── Supplied material

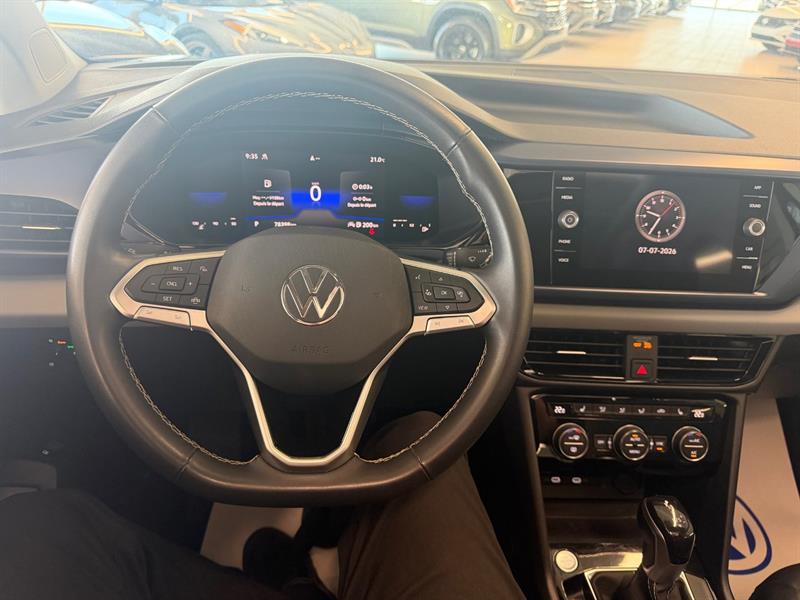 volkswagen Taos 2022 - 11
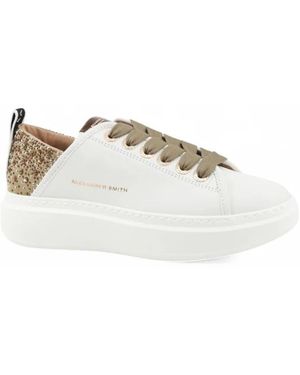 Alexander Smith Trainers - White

────
── Supplied material

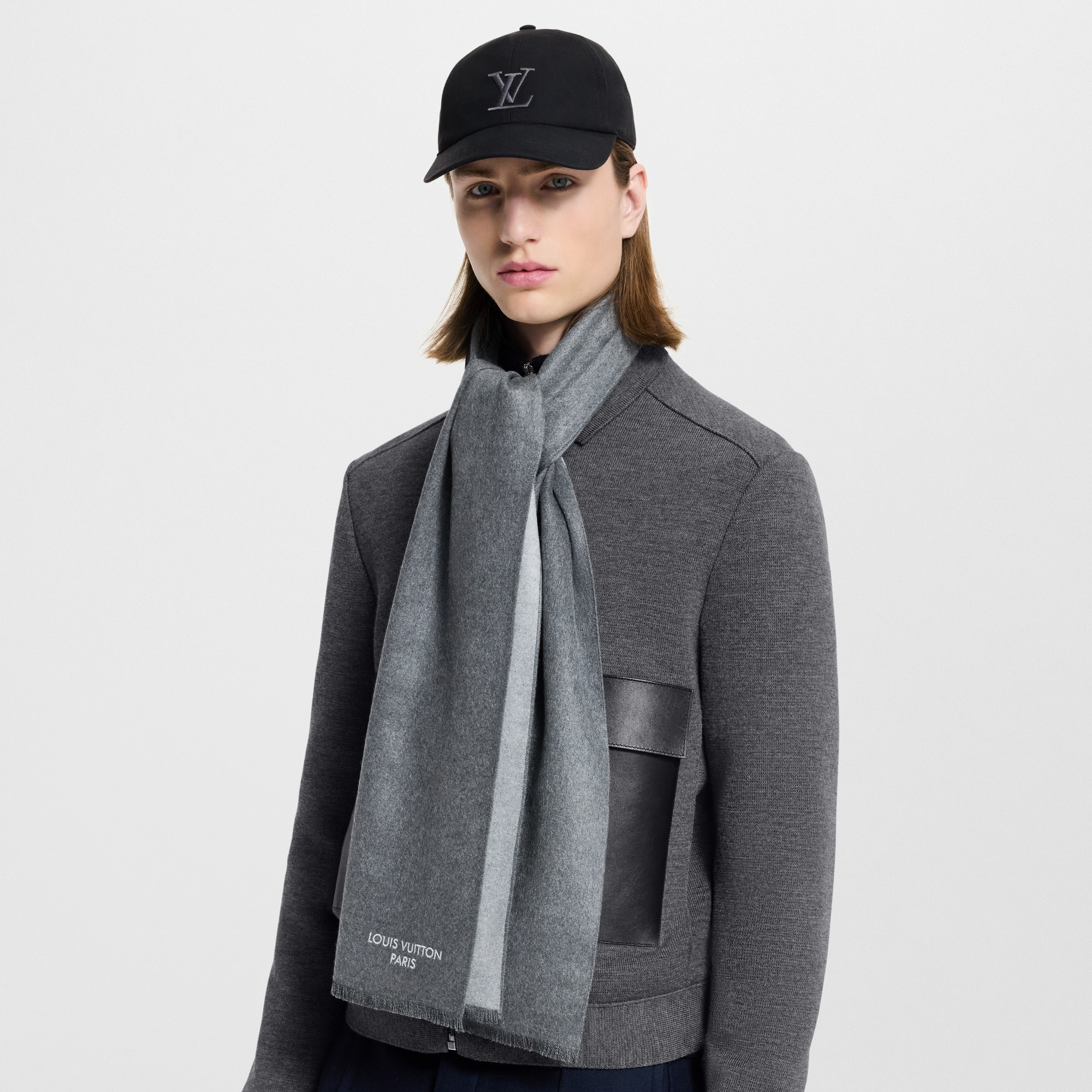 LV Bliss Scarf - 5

────
── Supplied material

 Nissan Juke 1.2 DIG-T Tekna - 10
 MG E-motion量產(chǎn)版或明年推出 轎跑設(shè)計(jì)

────

= Exercise goal =
For this exercise, transcribe exactly the part of the records above that opens with the line containing "volkswagen Taos 2022 - 11" and closes with the one containing "Alexander Smith Trainers - White". Pictures are not part of the copy.

= Written solution =
 volkswagen Taos 2022 - 11
 Alexander Smith Trainers - White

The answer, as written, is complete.